Your instructions | Look through the listing below for the line containing "KROUTVOR, Josef: Egon Schiele a Čechy.". Copy it and each line after it up to and including the line containing "Let A be an", exactly, leaving out pictures.

Dataset |
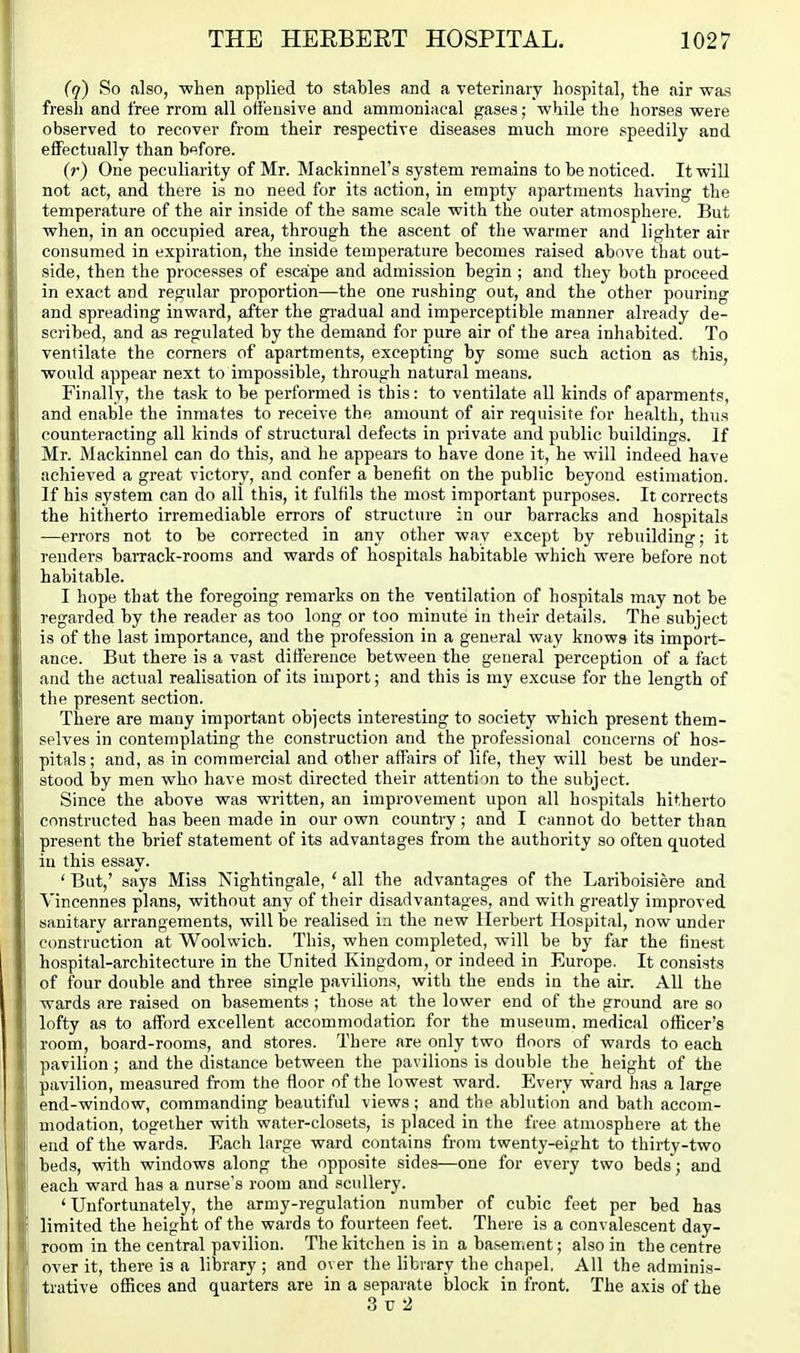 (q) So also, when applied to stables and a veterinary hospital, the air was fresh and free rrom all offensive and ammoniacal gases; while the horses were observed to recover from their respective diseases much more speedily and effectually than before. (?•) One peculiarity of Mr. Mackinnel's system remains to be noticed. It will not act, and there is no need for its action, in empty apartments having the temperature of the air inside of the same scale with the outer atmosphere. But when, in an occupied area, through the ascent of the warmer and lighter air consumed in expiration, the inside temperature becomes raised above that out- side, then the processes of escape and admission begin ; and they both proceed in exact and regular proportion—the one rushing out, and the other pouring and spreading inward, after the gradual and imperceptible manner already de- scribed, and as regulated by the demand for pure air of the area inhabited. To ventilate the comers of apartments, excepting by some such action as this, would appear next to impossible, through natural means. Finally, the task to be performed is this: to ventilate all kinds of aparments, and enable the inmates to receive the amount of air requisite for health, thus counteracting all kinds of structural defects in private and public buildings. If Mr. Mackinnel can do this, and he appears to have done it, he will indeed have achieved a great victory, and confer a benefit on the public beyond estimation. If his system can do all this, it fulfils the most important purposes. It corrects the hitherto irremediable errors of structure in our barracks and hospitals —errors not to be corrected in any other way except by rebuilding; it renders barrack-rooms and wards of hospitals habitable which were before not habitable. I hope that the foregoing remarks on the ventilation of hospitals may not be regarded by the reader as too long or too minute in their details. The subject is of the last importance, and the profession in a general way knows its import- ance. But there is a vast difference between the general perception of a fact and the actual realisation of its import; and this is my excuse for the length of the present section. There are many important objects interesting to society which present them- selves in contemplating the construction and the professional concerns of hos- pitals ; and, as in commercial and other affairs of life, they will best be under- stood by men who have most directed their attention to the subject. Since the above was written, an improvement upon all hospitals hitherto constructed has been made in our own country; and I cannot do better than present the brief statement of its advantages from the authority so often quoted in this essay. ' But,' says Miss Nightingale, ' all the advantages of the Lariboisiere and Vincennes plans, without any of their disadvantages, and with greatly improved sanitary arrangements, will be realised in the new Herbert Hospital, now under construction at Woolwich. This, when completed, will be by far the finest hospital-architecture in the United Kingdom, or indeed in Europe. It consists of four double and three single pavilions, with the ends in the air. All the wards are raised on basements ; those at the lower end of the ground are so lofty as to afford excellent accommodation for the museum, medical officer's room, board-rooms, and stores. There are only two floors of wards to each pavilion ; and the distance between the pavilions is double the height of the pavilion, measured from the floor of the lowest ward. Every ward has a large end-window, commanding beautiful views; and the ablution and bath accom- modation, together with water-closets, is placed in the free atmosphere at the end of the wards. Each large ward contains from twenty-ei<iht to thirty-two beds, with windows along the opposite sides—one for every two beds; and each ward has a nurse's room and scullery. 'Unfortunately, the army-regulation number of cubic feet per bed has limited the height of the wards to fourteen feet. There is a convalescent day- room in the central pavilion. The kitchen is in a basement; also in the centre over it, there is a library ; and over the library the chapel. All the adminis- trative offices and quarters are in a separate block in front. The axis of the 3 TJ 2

---

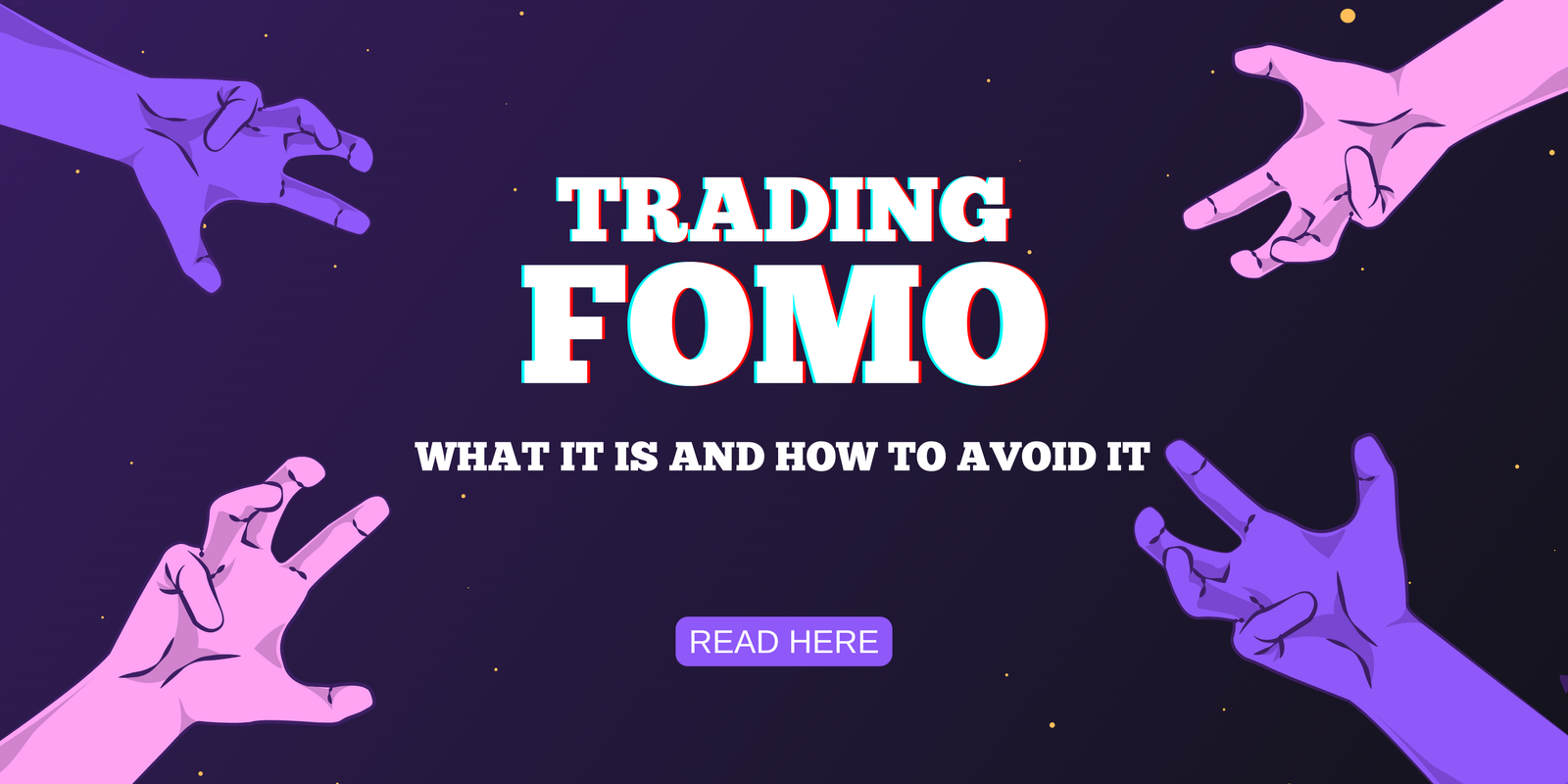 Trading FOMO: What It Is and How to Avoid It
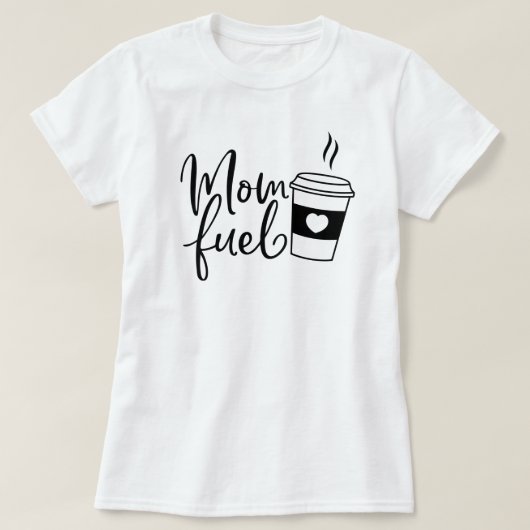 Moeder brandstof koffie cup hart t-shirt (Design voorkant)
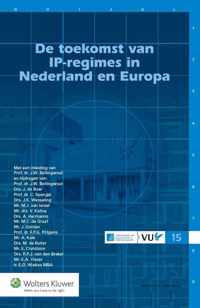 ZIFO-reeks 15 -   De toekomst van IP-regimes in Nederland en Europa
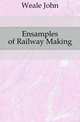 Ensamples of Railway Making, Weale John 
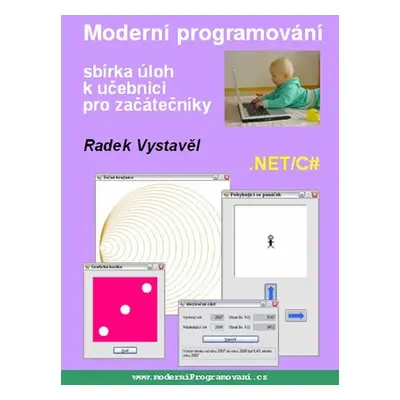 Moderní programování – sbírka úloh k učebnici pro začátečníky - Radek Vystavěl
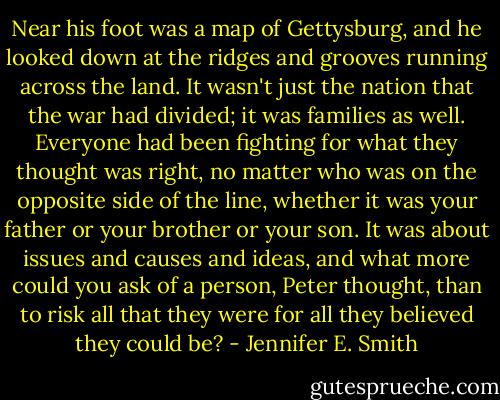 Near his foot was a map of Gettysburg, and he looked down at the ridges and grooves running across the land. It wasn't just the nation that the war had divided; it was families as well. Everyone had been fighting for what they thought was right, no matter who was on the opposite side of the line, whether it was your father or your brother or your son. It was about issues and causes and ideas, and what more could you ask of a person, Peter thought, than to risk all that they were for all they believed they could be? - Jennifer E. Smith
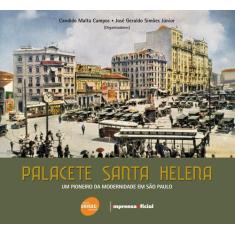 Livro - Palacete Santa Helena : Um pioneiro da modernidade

* * *

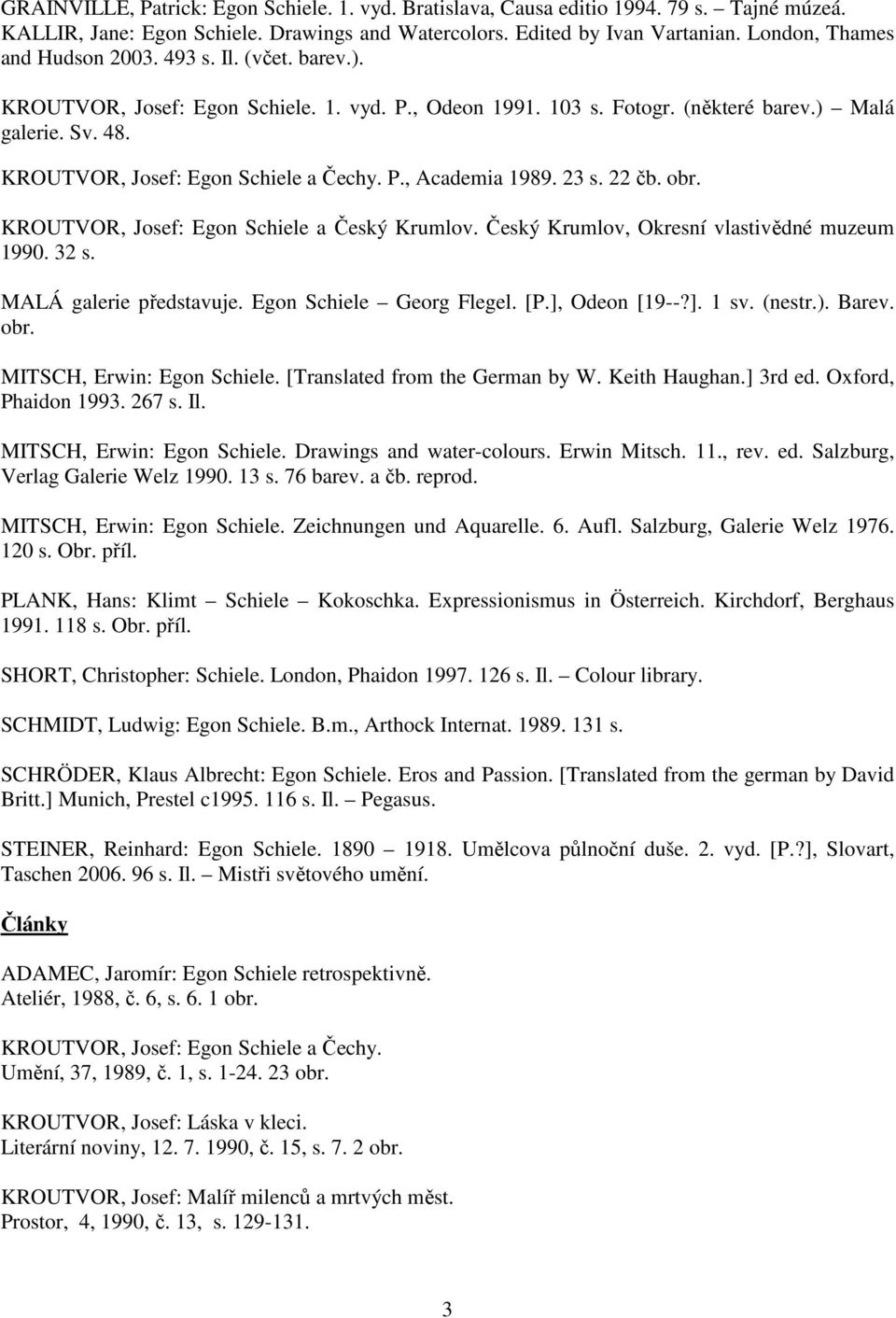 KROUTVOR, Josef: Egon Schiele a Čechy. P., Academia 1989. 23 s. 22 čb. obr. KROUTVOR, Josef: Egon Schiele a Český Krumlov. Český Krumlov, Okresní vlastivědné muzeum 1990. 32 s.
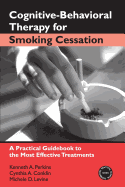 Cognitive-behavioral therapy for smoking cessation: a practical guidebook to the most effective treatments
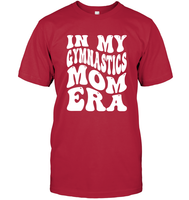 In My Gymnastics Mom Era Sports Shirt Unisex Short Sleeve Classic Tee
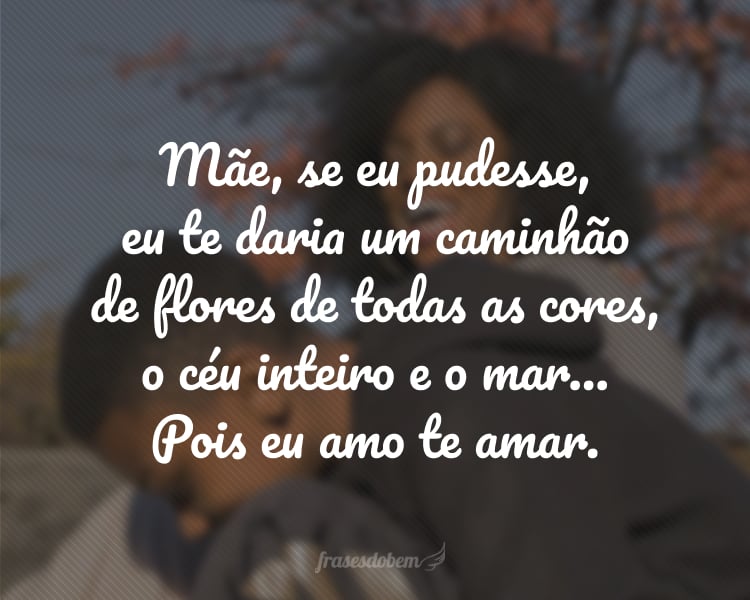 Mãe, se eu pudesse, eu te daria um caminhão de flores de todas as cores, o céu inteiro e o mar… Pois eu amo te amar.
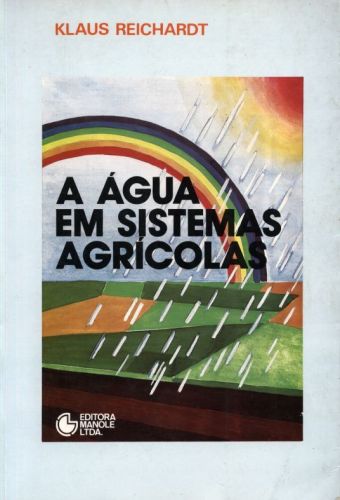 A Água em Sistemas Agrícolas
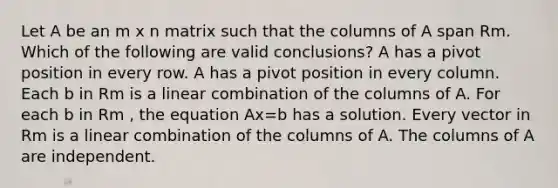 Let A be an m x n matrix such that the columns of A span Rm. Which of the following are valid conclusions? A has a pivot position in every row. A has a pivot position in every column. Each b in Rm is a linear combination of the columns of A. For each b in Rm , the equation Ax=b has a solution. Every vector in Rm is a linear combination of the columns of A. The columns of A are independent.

Written response |
 KROUTVOR, Josef: Egon Schiele a Čechy. P., Academia 1989. 23 s. 22 čb. obr. KROUTVOR, Josef: Egon Schiele a Český Krumlov. Český Krumlov, Okresní vlastivědné muzeum 1990. 32 s.
 Cognitive-behavioral therapy for smoking cessation: a practical guidebook to the most effective treatments
 In My Gymnastics Mom Era Sports Shirt Unisex Short Sleeve Classic Tee
 Mãe, se eu pudesse, eu te daria um caminhão de flores de todas as cores, o céu inteiro e o mar… Pois eu amo te amar.
 A Água em Sistemas Agrícolas
 Let A be an m x n matrix such that the columns of A span Rm. Which of the following are valid conclusions? A has a pivot position in every row. A has a pivot position in every column. Each b in Rm is a linear combination of the columns of A. For each b in Rm , the equation Ax=b has a solution. Every vector in Rm is a linear combination of the columns of A. The columns of A are independent.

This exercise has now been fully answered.